On invention, profit, and the afterlife of our ideas.

Every invention begins as a good idea.

That’s the comforting part.

A wheel.
An engine.
Plastic.
Fast fashion.
Bottled water.
Computers.

To mention just a few.

At some point, someone said:

“We can make millions with this.”

Some inventors thought about efficiency.
Some thought about convenience.
Some thought about profit.

Few thought about the junkyard.

And almost no one calculated the cause —
only the revenue.

The effect would come later.

In some parts of California, in the 1980s, junkyards were part of the landscape.

Rows of metal history behind chain-link fences.

Hoods lifted like open ribs.

Chevrolets from the 1950s and 60s — heavy steel, chrome grilles, engines that could survive decades if someone cared enough to keep them running.

Subarus from the late 50s and 60s — small, stubborn, mechanical proof that machines once had longer stories.

Men with oil-stained hands pulled alternators, carburetors, mirrors, door handles.

Not because the cars were useless.

But because the industry had moved on.

New models.
New dashboards.
New promises.

Yet those old engines still had pulse.

Country songs still mention a Chevrolet for a reason.

It wasn’t disposable.

It was identity.

That’s the difference.

There was a time when durability was part of the design — not a threat to quarterly earnings.

The car was only the beginning.

Plastic was genius.

Light. Durable. Cheap.
A miracle material.

Someone invented bottled water and called it convenience.

No one imagined oceans wearing our fingerprints.

Microplastics now circulate in bloodstreams.
In brains.
In placentas.

We wrapped the planet in something that does not die.

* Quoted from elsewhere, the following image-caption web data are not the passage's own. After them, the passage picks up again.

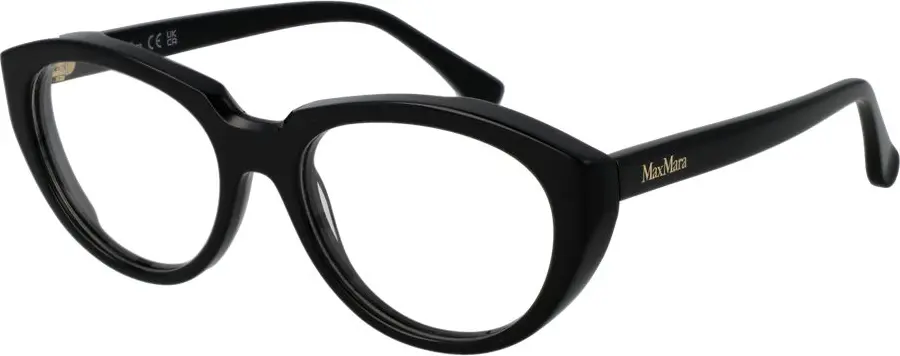 Оправа для очков Max Mara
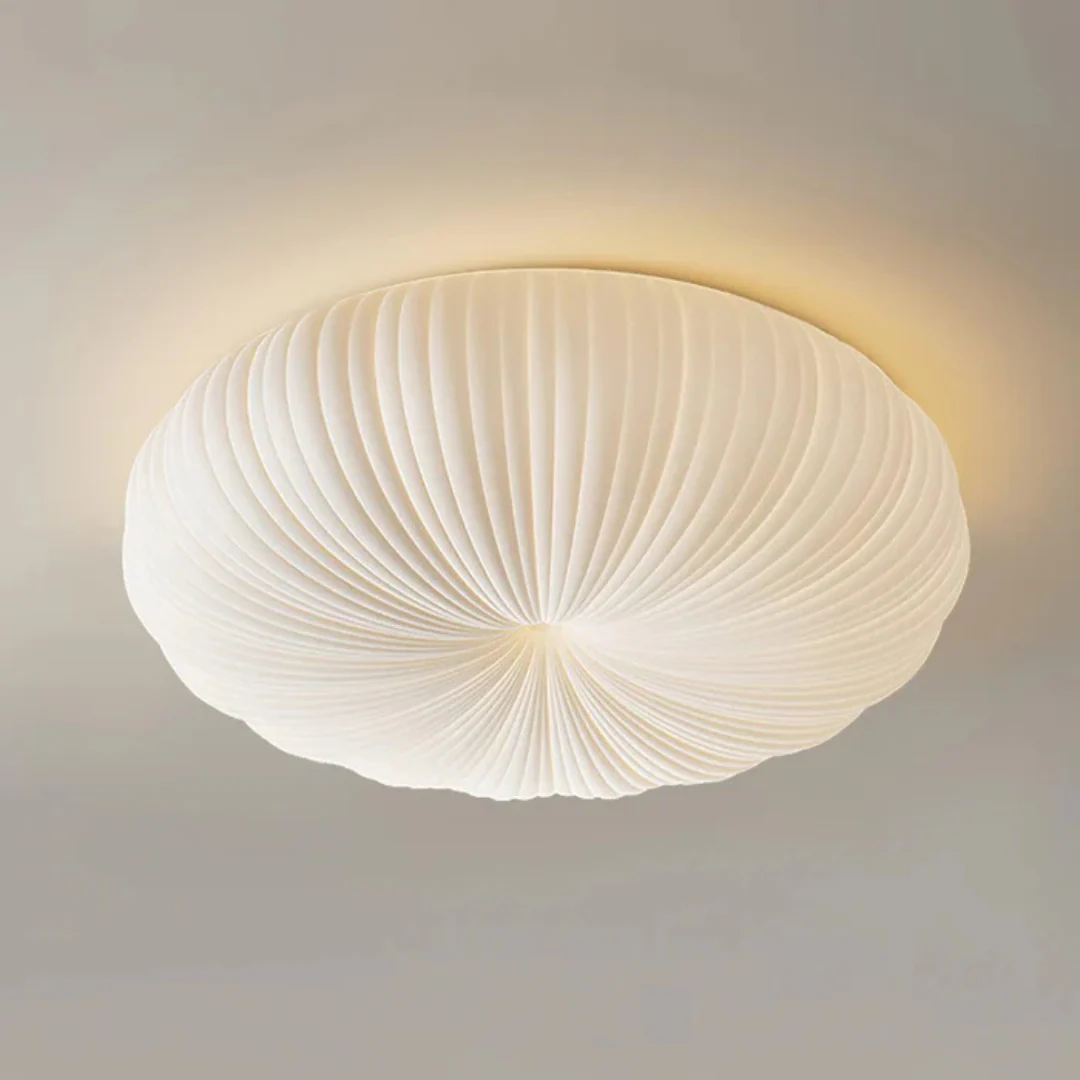 Olara - Moderne Design LED Plafondlamp - Image 4
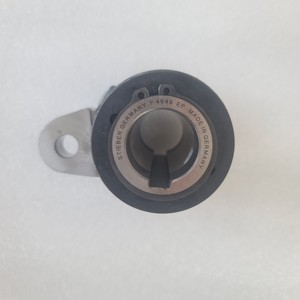 ER 82.008.005 Original New Heidelberg Bearing Assembly for Heidelberg Offset <b>Printing</b> <b>Machine</b> - Product Image 3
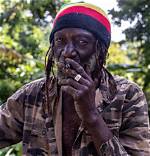 How Do Rastas Greet?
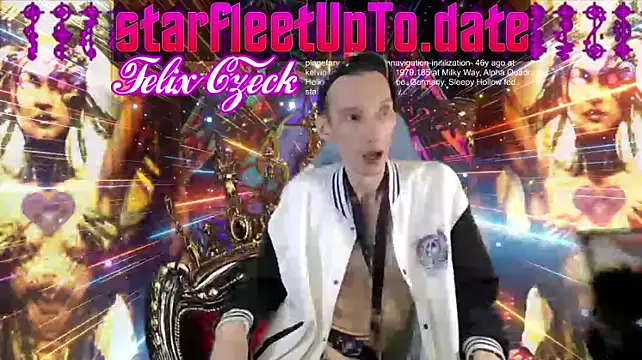 XXX chat uživo modela solodethlordsubveganFAQ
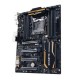 MotherBoard Gigabyte GA-X99P-SLI مادربرد گیگابایت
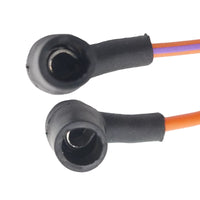 {{ Ignition Module Suitable For Johnson Evinrude 4HP 5HP 6HP 1986-2005 }} - Buy Car Parts Online at {{ Kaka Auto Parts }}.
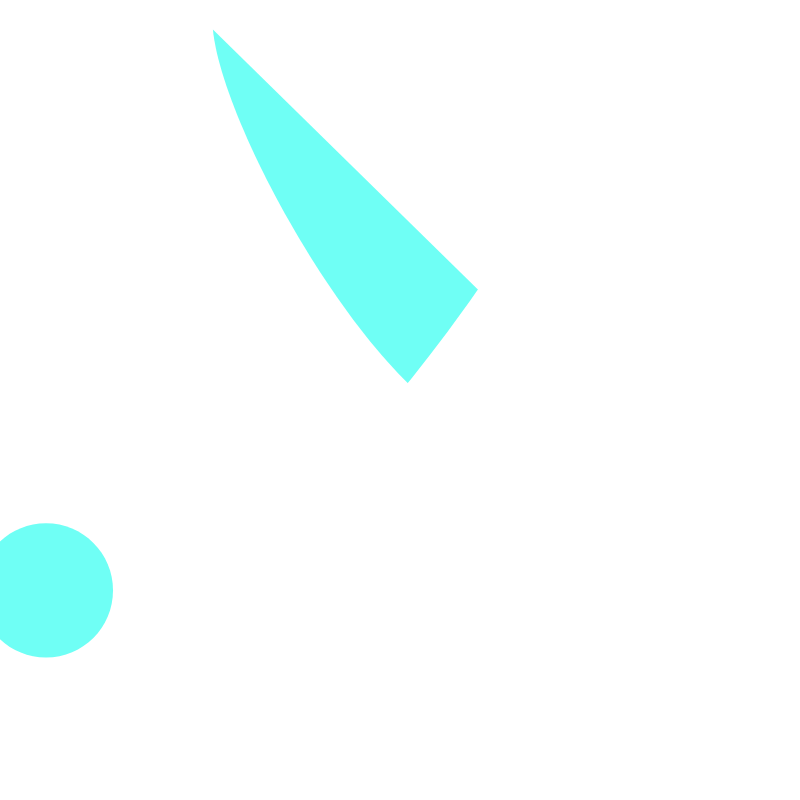 Abstractia Geometria #3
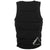 Follow Entree CE Wake Vest - Women's 2018 Black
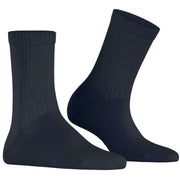 burlington-fleet-street-socks---marine-blue-34597967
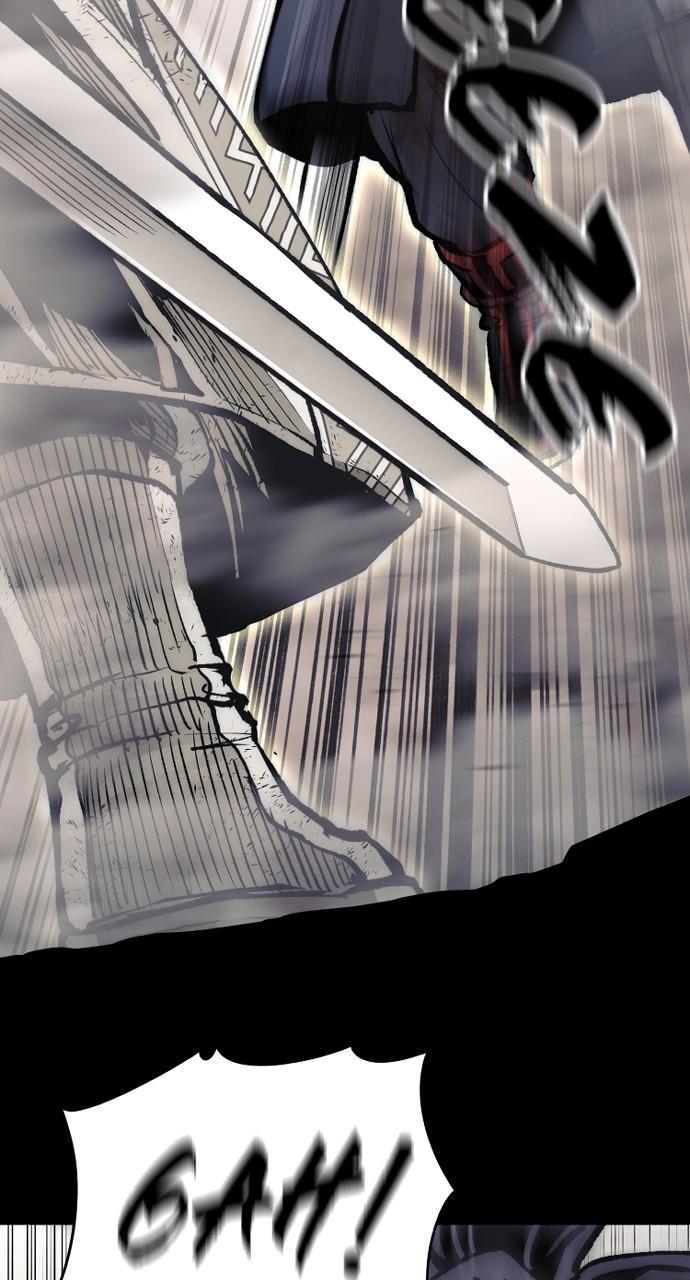 Murim RPG Simulation Chap 142 - Next Chap 143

Clothing followed the same logic.

We produce garments as if we are all perpetually naked.

Buy. Wear twice. Return. Donate. Replace.

Mountains of fabric now sit in ports because even the poorest nations cannot absorb our excess.

Furniture used to be heirloom.

Solid wood. Weight. Craft.

Now it is pressed fiberboard disguised as permanence.

Four metal legs and a surface pretending to be oak.

It breaks in two years.

We shrug.

It goes somewhere.

Where is “somewhere”?

Landfills.

Fields of compressed memory.

And sometimes — in quieter neighborhoods — someone leaves a perfectly good table by the curb.

Not broken.
Not rotting.
Still capable of holding dinners and elbows and books.

No time to drive to Goodwill.

So they leave it there with a silent hope:

“Maybe someone else needs this.”

That curbside offering feels more human than most boardrooms.

Because the problem is not invention.

It is velocity.

We are living in a disposability economy.

A linear world:

Take.
Make.
Discard.

And call it progress.

The tragedy is not that humans have good ideas.

We always have.

The tragedy is that we rarely calculate the afterlife of those ideas.

We calculate revenue.

We calculate growth.

We calculate quarterly expansion.

But who calculated plastic’s eternity —
its refusal to return to the earth?

Who calculated fabric deserts —
synthetic fibers the soil does not know how to digest?

Who calculated the table with years left in it sitting under rain —
solid wood replaced by imitation that was cheaper, but not built to stay?

Innovation without foresight is not genius.

It’s acceleration without brakes.

We celebrate the spark.

We ignore the smoke.

And somewhere between convenience and consequence,
we built a culture that confuses new with necessary
and disposal with destiny.

That is the inheritance of the disposability economy.